Streaming STT
This guide explains how to implement streaming speech-to-text. Two modes are supported: 1) gRPC and 2) WebSocket. See Streaming STT - gRPC and Streaming STT - WebSocket. For file-based conversion, see Batch STT.
caution
Streaming STT is limited by concurrent channels. See Rate limit.
Supported encodings
LINEAR16, FLAC, MULAW, ALAW, AMR, AMR_WB, OGG_OPUS, OPUS.
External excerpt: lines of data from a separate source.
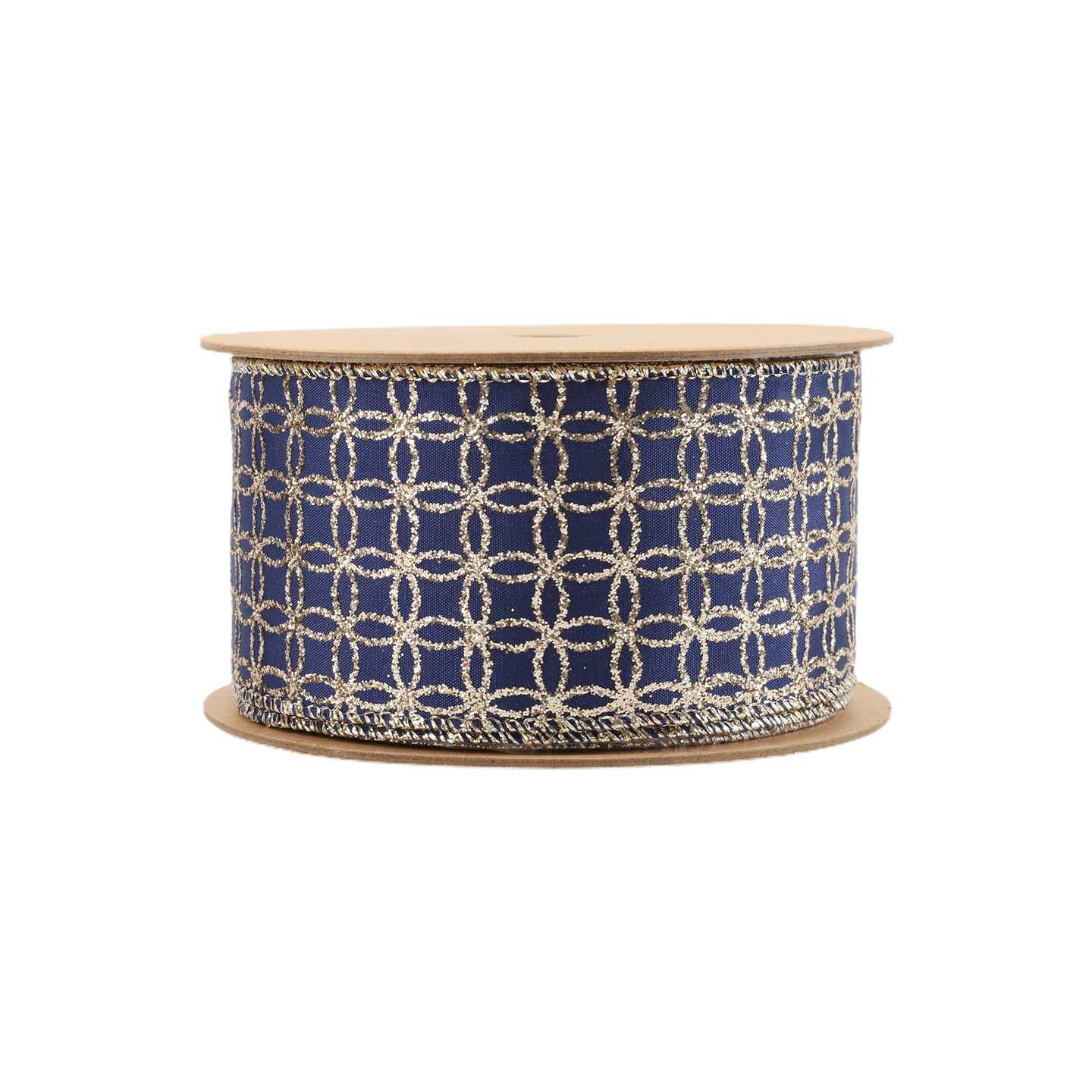LaRibbons 2 1/2" Wired Ribbon | Gold Circle on Dark Blue | 10 Yard Roll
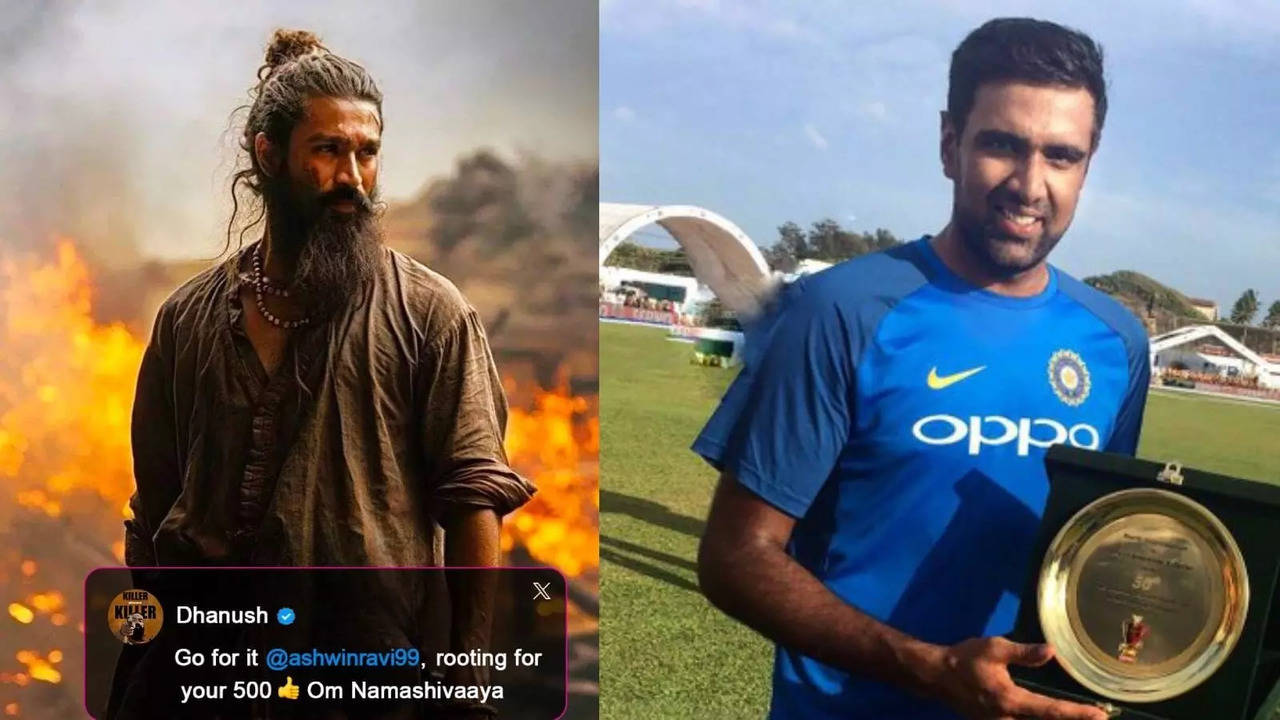 Dhanush Ashwin: Actor Dhanush supports Ashwin as India takes on England in the third Test in Rajkot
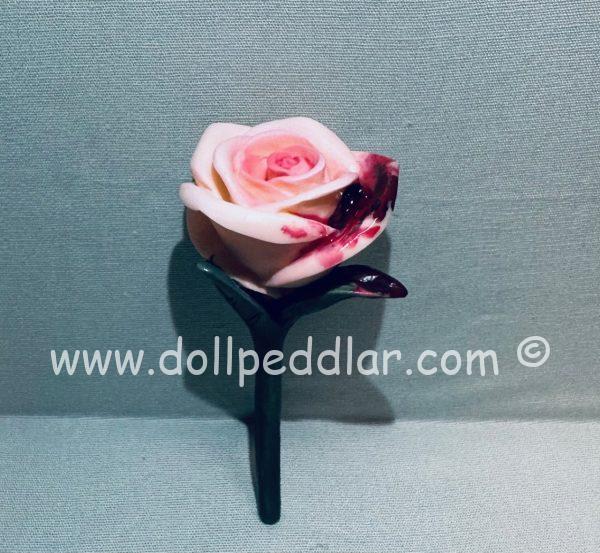Vampire Rose "dripping blood" - hand painted,  resin, 2" long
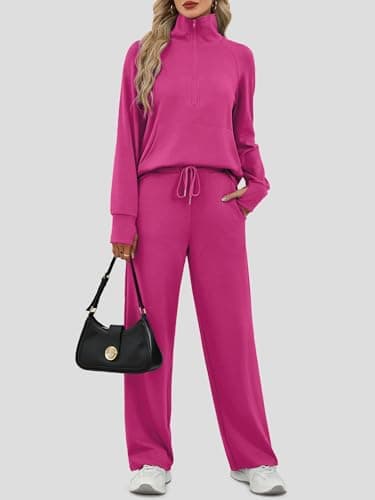 Casly Lamiit Fall Two Piece Sets for Women Airport Attire Wide Leg Sweatpants Lounge Elegant Matching Cute Travel Outfits for Long Flights Rose Red L - Image 4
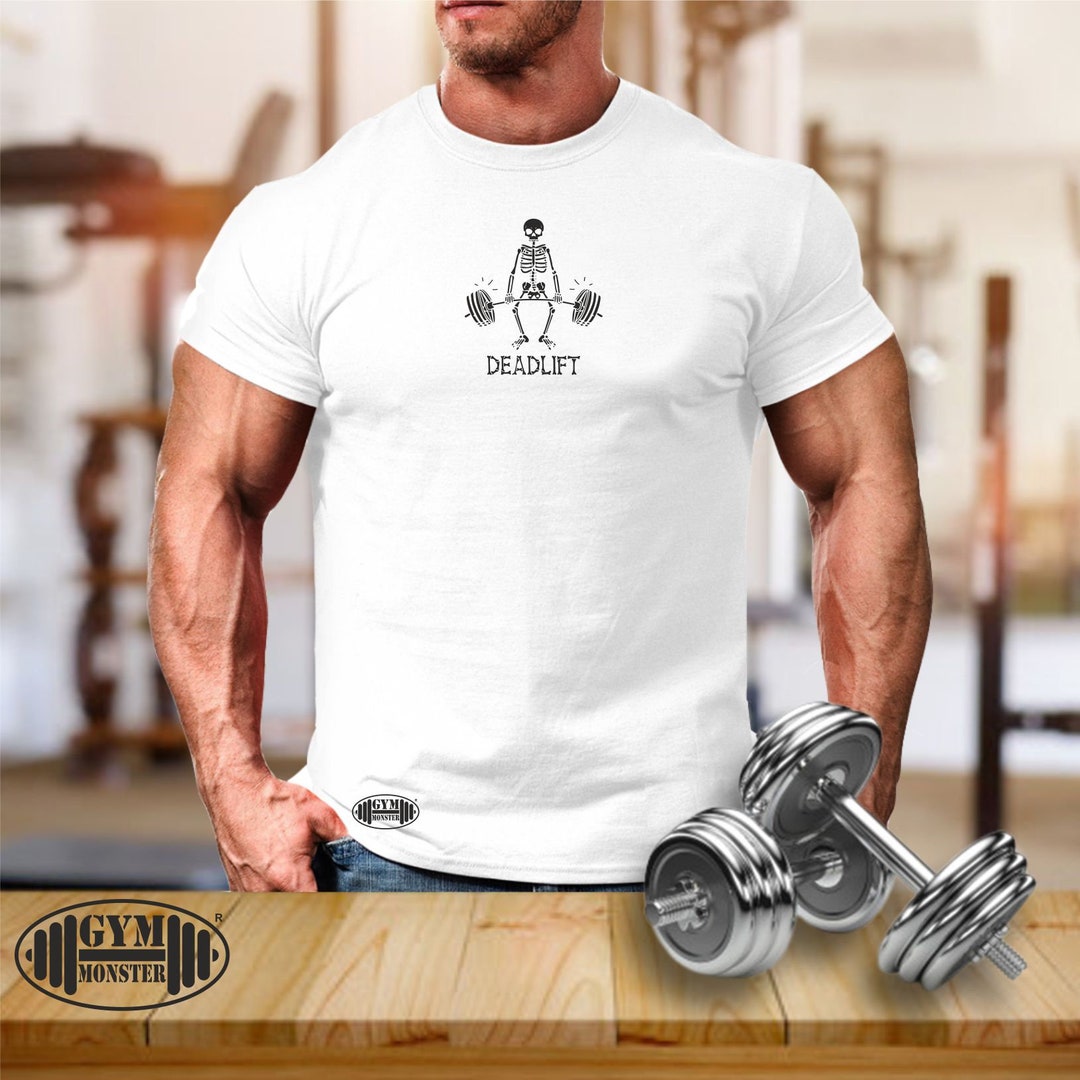Deadlift Skeleton T Shirt Gym Monster Clothing Bodybuilding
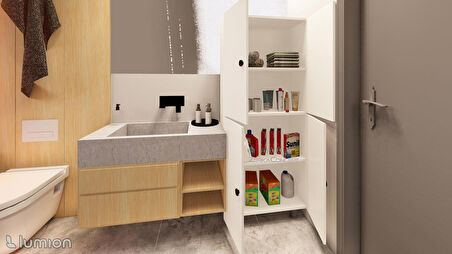 ZerkaConcept Mut Mdf 4 Raflı Çok Amaçlı Mutfak Banyo Ayakkabılık Dolap 60cm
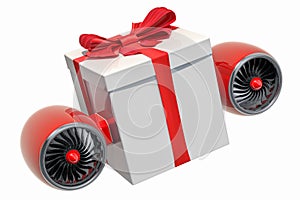 Gift box with jet engines. Gift fast delivery concept, 3D rendering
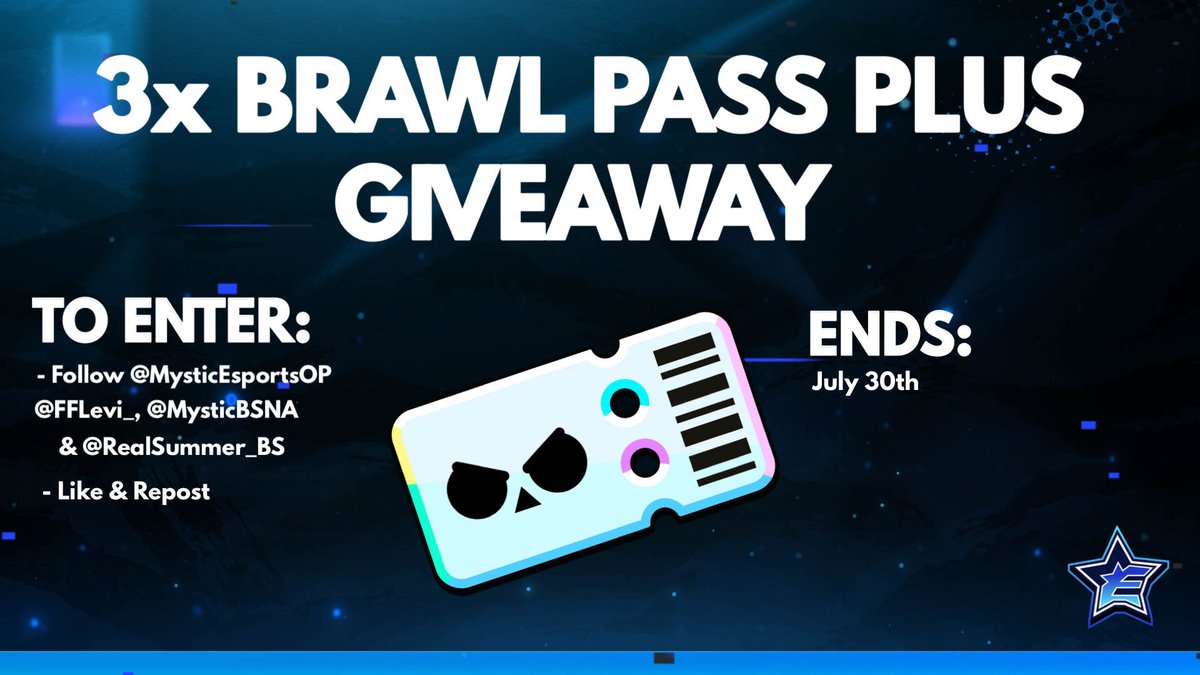 FFlevi_'s tweet photo. 🎁 BRAWL PASS PLUS GIVEAWAY 🎁

⭐️ 3x BRAWL PASS PLUS
💎 3x $10 PayPal

How to Enter:
▫️Follow ❗️
@MysticEsportsOP
@FFlevi_ 
@MysticBSNA 
@RealSummer_BS 
▫️❤️&amp;♻️

Only 1 reward out of 2 ✨

🔥 Giveaway Ends on July 30th 🔥
#StayMystic #BrawlStars https://t.co/Ps5X2TKT9q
- LINEAR16, MULAW, ALAW, AMR, AMR_WB: send raw audio frames
- OGG_OPUS: send OPUS frames in OGG container
- OPUS (raw) is supported for gRPC only; contact us to use it
Common DecoderConfig/Parameters
Name | Type (gRPC / WebSocket) | Description | Required | Default |
---|---|---|---|---|
sample_rate | int | 8000 ~ 48000 Hz | Yes | - |
encoding | AudioEncoding / string | See supported encodings | Yes | - |
model_name | string | sommers_ko (Korean), sommers_ja (Japanese), whisper (multilingual) | No | sommers_ko |
domain | string | See Domain | No | CALL |
use_itn | bool | See ITN | No | true |
use_disfluency_filter | bool | See Disfluency | No | false |
use_profanity_filter | bool | See Profanity | No | false |
use_punctuation | bool | Use punctuation | No | false |
keywords | string[] / string | See Keyword boosting | No | - |
language | string | Required for whisper; see supported list | No | ko |
Keyword boosting
Boost or suppress recognition for specific words.
caution
This feature is only available for sommers_ko
model.
Format and usage
- gRPC:
string[]
- WebSocket: comma-separated
string
Each keyword can be:
- "word" (default score 2.0)
- "word:score"
caution
- Words must be written in Korean phonetics
- Score range: -5.0 to 5.0
- Positive scores boost, negative suppress
- Max 100 words, ≤ 20 chars each
Example
// gRPC
["부스팅", "리턴제로:3.5", "에스티티:-1"]
// WebSocket
"부스팅,리턴제로:3.5,에스티티:-1"
Domain
- CALL (default): optimized for close-talk microphones and phone calls
- MEETING: optimized for distant-mic environments like meeting rooms
Choose based on your input environment.